LexTime includes a connection to Claude via the Model Context Protocol (MCP). In practice, this means a lawyer can log time by describing their work in plain language — to Claude, in the same conversation where they might be drafting a letter or reviewing a contract. Claude logs the entry, assigns it to the correct client and matter, and confirms the details. No context switch. No opening another tab. No remembering to start a timer before the call.

For lawyers who already use Claude regularly, this is not a novelty — it is the natural next step. Time gets captured at the moment of work, in the flow of work, without interrupting it.


Side-by-side comparison

FeatureLexTimeToggl Track
Clients and matters modelYesNo — projects and tasks
Branded PDF timesheetsYesNo
Browser extensionYesYes
Manual time entryYesYes
Firm overview (all lawyers)YesYes (paid plans)
AI time logging via MCPYesNo
Free planNo — 30-day trialYes (up to 5 users)
Pricing modelFlat per firmPer seat
Starting priceDKK 299/month~$9/user/month
Built for law firmsYesNo
100+ integrationsNoYes
MobilePWA — install from the browser (Android and iOS)Yes, native app

What about mobile?

LexTime is not a native app in the App Store or Google Play — and it does not need to be.

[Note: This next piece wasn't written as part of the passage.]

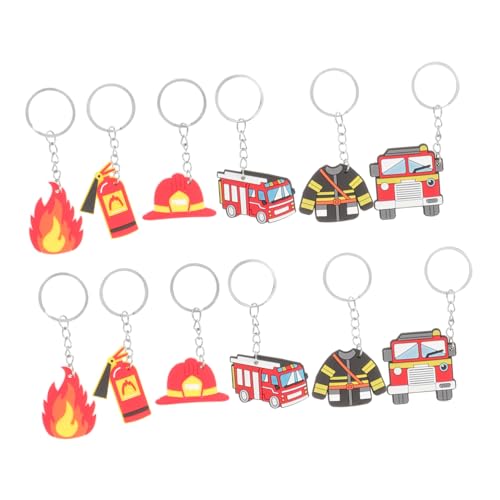 BESTonZON 12 Stück Feuerwehrmann Partygeschenke Feuerwehrauto Feuerlöscher Schlüsselanhänger Feuerwehrmann Kostüm Cooler Schlüsselanhänger Schlüsselanhänger Feuerwehrmänner von BESTonZON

LexTime is a progressive web app (PWA). You add it to your home screen from Safari or Chrome in a few taps, and it behaves like an installed app: full-screen, quick to open, works offline, remembers your matters and clients, and feels the same as any installed app when you are away from your desk. Updates ship with the web app; there is no separate app to maintain or approve through the stores.

On Android and iOS, the browser will offer to install LexTime when the conditions are met. Once installed, it sits alongside your other apps. Open LexTime in Safari or Chrome on your phone and accept the install prompt — it takes a few seconds.


Which one should you choose?

If your firm is already deep in a broader tech stack — if you use Asana or Jira to manage work, if your team tracks time across multiple business types, if you specifically want a native store app — Toggl is a reasonable choice, and its free plan gives you room to evaluate it without risk.

If your firm’s primary need is accurate billable time capture, clean timesheets, and a tool that understands what a matter is, LexTime is the better fit. It is designed for exactly this context and nothing else. There is nothing to configure around, no vocabulary mismatch to work through, and no template to maintain when it is time to invoice.

The MCP connection to Claude is the feature that distinguishes LexTime most clearly from anything else currently available. For a lawyer who already spends time in Claude — drafting, reviewing, researching — the ability to log time in the same conversation removes the last remaining reason to break flow.